- [Short text fragments from websites]
<<<<

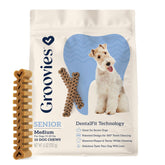 Groovies masticables dentales senior para perros, textura suave para comodidad diaria.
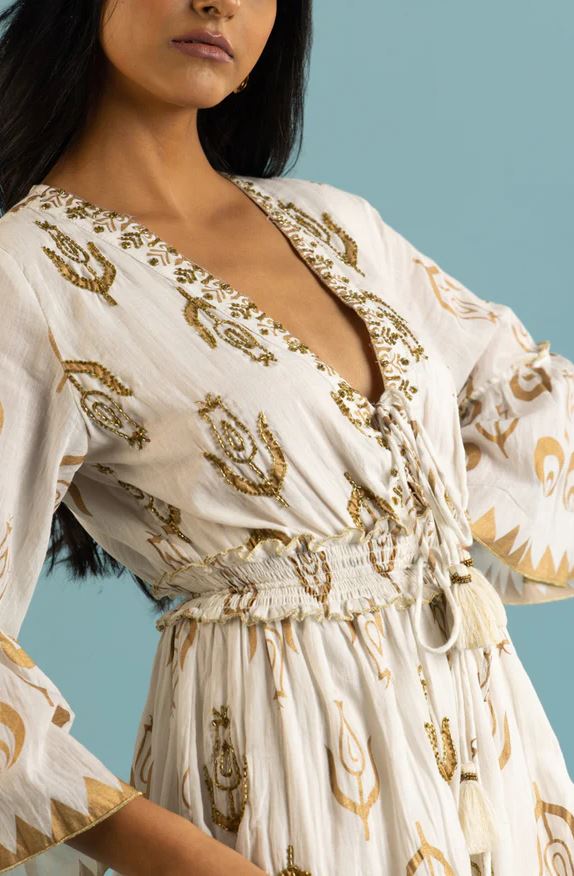 White Gold Print Bell Sleeve Boho Mini Dress | Cotton Smocked Tassel Tie Tiered Ruffle Dress | Festival Resort Wear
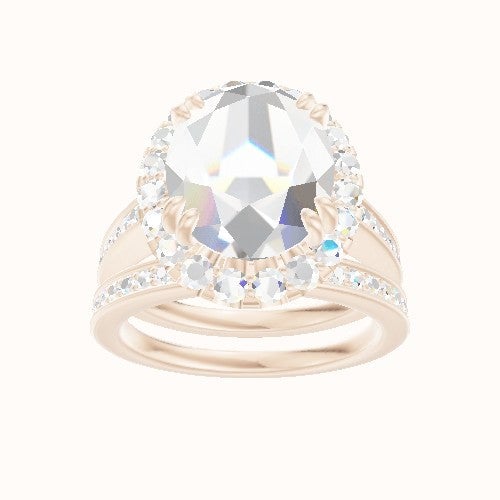 Micropave Cathedral Engagement Ring With Halo with Double Prong Head and Matching Band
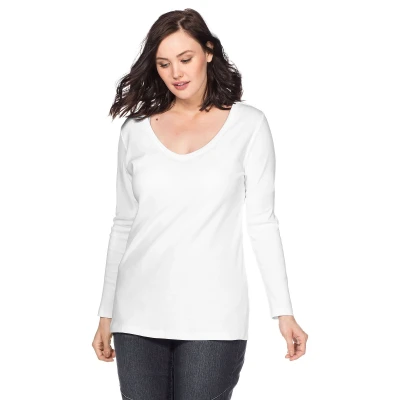 Abbildung von Sheego Langarm Langarmshirt, Damen, Größe: 40/42, White
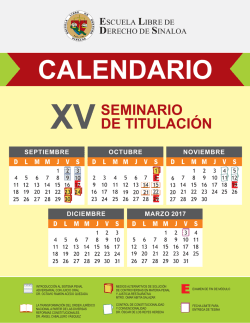calendario - Escuela Libre de Derecho de Sinaloa
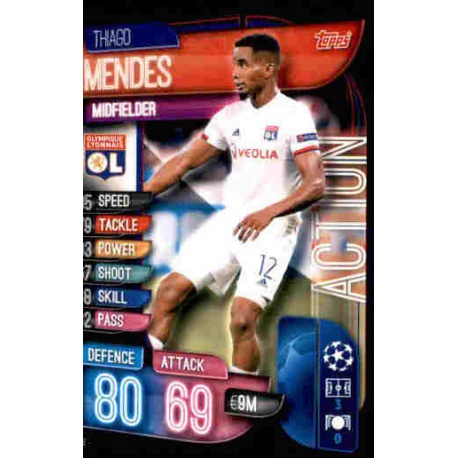 Thiago Mendes Olympique Lyonnais Action AC14 Match Attax Extra 2019-20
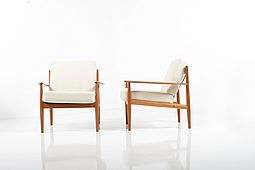 Pair of Easychairs, Model 118 by Grete Jalk 
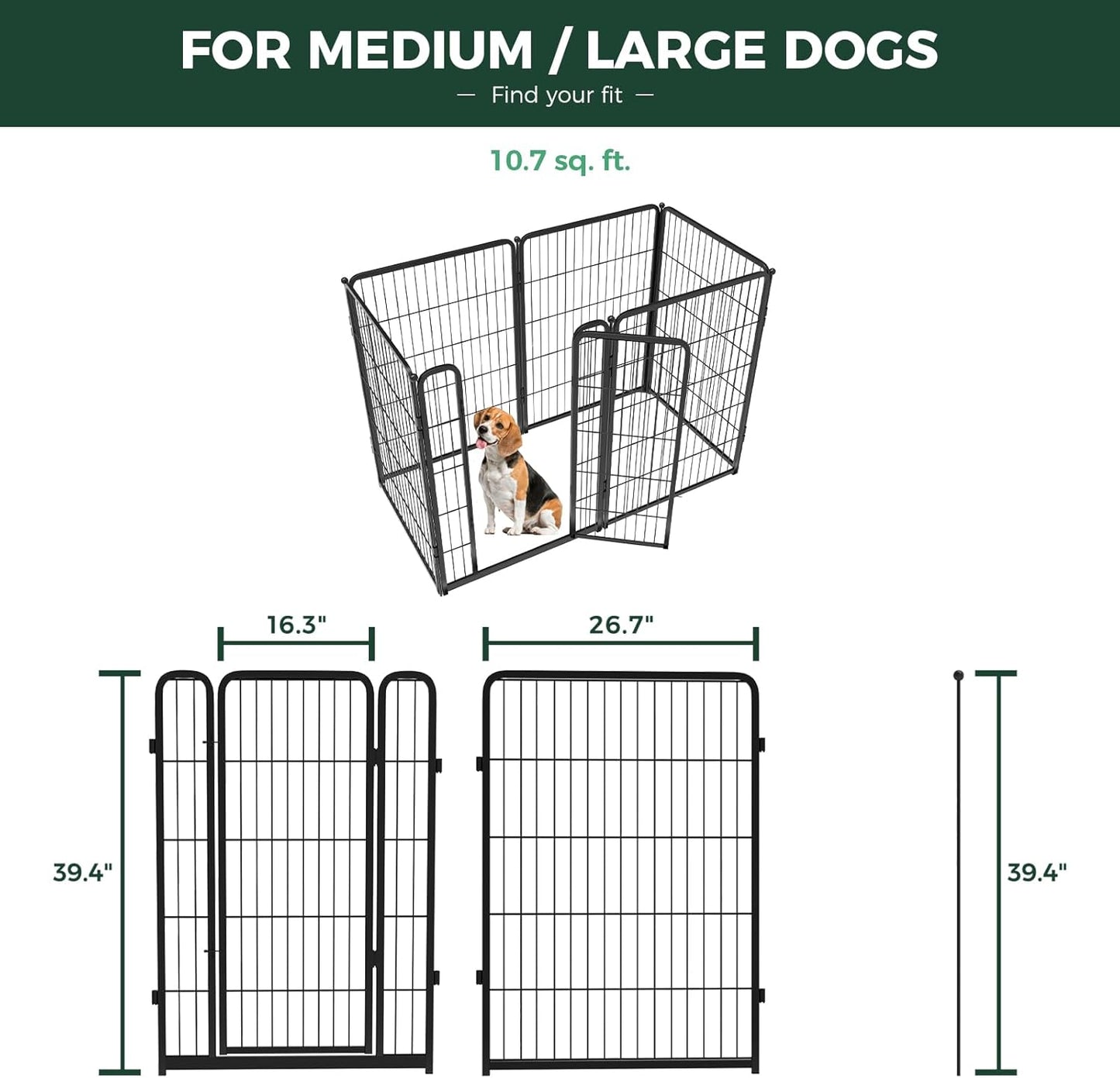 FXW Homeplus Unleashed Indoor Dog Playpen - Stress-Free and Safe Play, Heavy Duty 40 Inch 6 Wire Panels Dog Pen for Medium and Large Dogs, Black│Patented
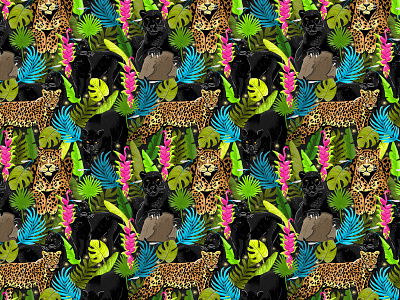 Wild cats pattern color illustration illustration agency leopard panther pattern patterns surface pattern textile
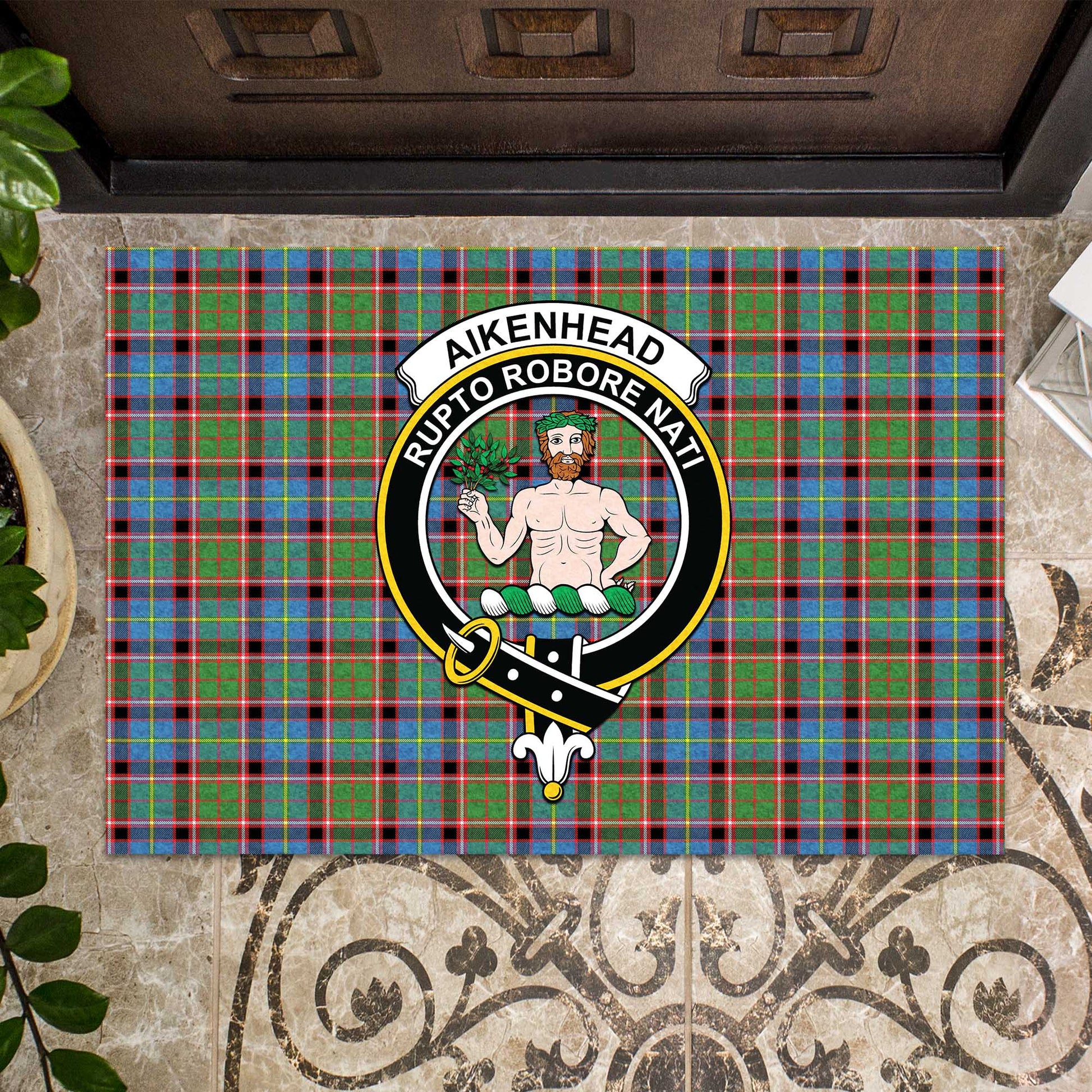 Aikenhead Tartan Door Mat with Family Crest - Tartanvibesclothing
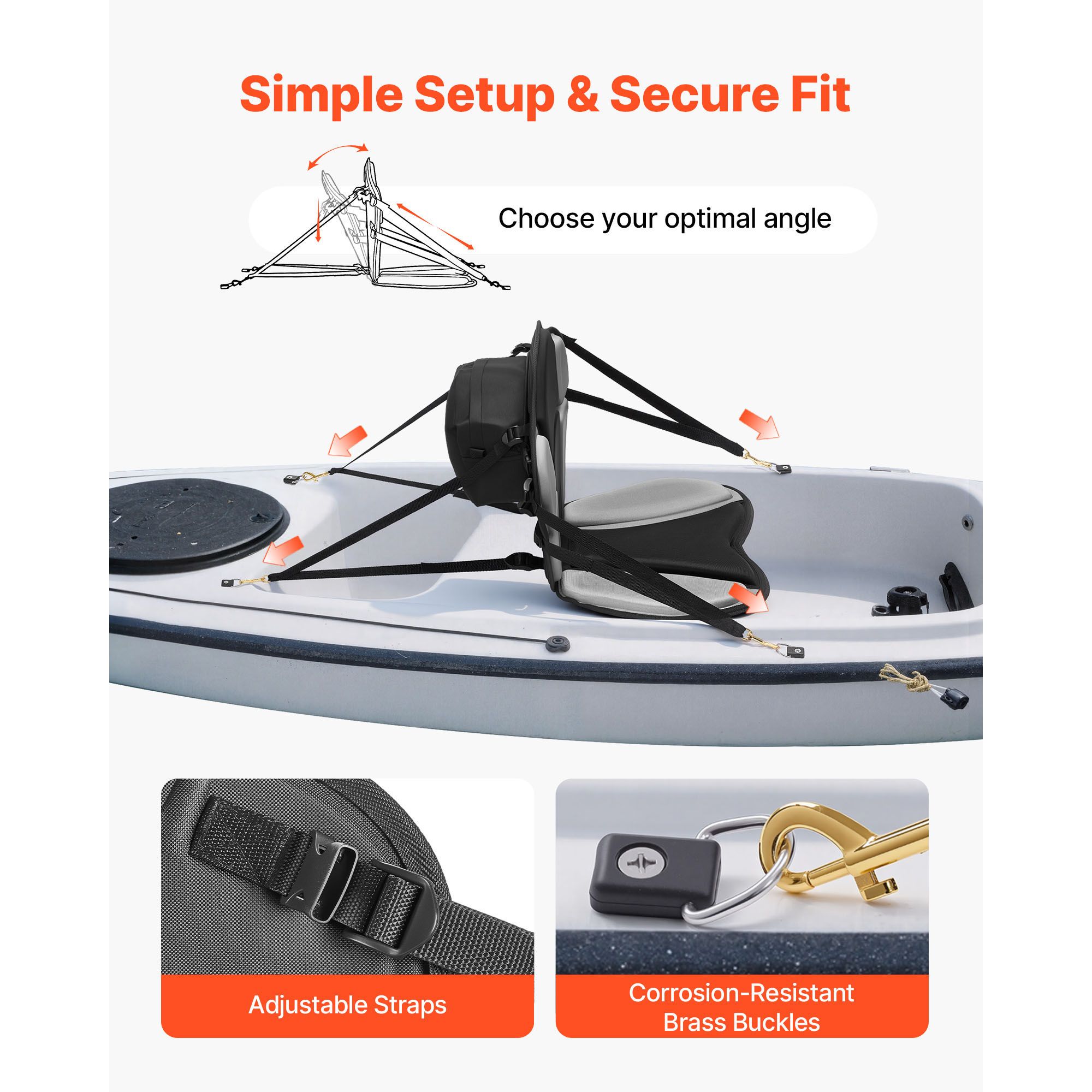 Kayak Seat, 1 Pack 31 mm Thick, Universal Paddle Board Seat with Back Support, Sit-on-Top Soft Padded Cushion with Storage Bag & Adjustable Straps for SUP — image 4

>>>>

- [YOUR INSTRUCTIONS] Please transcribe exactly the line containing "Aikenhead Tartan Door" and every later line through the end of the records above, omitting pictures.

- [WRITTEN RESPONSE]
 Aikenhead Tartan Door Mat with Family Crest - Tartanvibesclothing
 Kayak Seat, 1 Pack 31 mm Thick, Universal Paddle Board Seat with Back Support, Sit-on-Top Soft Padded Cushion with Storage Bag & Adjustable Straps for SUP — image 4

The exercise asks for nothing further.